Naelith · January 31, 2024, 1:03pm

you could probably reach +10 million TCP connections rather easily using something that can do tcp connections with less memory usage and cpu usage like erlang/elixir

memnoch_proxy · January 31, 2024, 3:31pm

I’ve heard interesting things about Erlang.

Part of the memory footprint is the per connection statistics tracking. I didn’t write the LANforge Server, but it has been maintained and improved for over 20 years.

shadragon · February 1, 2024, 5:26pm

Still wouldn’t keep up with my wife. I’m still answering her first text when texts 2-5 arrive.

risk · February 1, 2024, 9:21pm

@memnoch_proxy - are you after a load balancer of some kind or…

From where I’m sitting the internet has never been smaller relative to size and capacity of a single machine.

A lot depends on driver and software stacks, and NICs and their drivers can do a lot of heavy lifting (DPDK and XDP can do some amazing things, there’s people writing crazy firewalls in Go + some C for eBPF).

And then, there’s that thing some router vendors call “sticky ECMP”, which is how you get from a few terabits of traffic hitting a handful of VIPs on a pair of expensive routers - to a few dozen load much cheaper software load balancers / firewalls / whatever somewhat smarter network function you want to implement.

… so I’m curious, what are you trying to do with the host?

memnoch_proxy · February 4, 2024, 3:03am

In this case a reseller is looking to test an IDS/DPI appliance.

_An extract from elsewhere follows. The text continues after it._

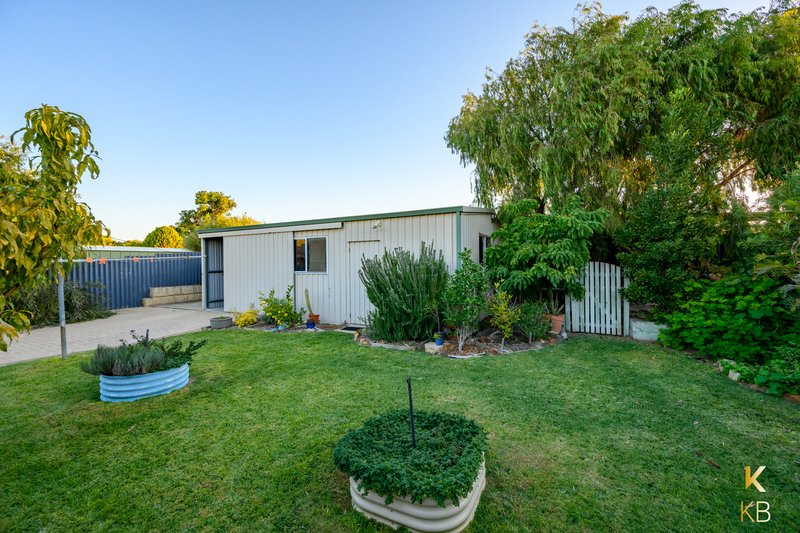 Photo - 36 Chalmers Ave , Waikiki WA 6169 - Image 23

They desired 600k stateful connections and over 60 Gbps of traffic. We are proposing one system to provide 60Gbps and 130000 connections, and a second system to provide 10Gbps and 570k connections.

These two different scenarios fit in 128GB of ram, but it appears the kernel scheduler doesn’t want to mix fast connections and slow connections on the same system. Spread across 400 processes, it prefers to evenly schedule the processes when so oversubscribed this way.

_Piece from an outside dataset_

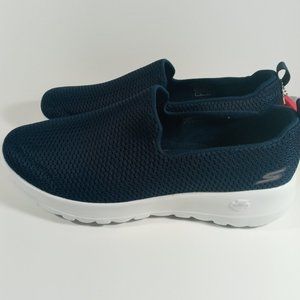 NWTSkechers Gowalk Joy Mesh Slip On Sneakers 9Wide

The traffic handling is keeping statistics on packet loss, latency and jitter for each group of endpoints. So loss at the DUT will be noticed, so will tcp retrans.

risk · February 4, 2024, 6:43pm

So you’re hooking up 8 interfaces and the software is expecting them to loop back through the DUT while trying to torture the DUT ?

What’s the payload? does it have to be good looking TLS or QUIC or plaintext or random? … or is it configurable from a capture file?

I don’t know why I’d expect a 9254 to be able to do faster than 10Gbps / 60Gbps.

memnoch_proxy · February 5, 2024, 4:07pm

Payload in this case is not layer 4-7, but layer 3 packets stuffed with numeric patterns. Layer 4-7 is possible with libcurl and, but 130000 copies of curl is not as efficient for the given amount of memory.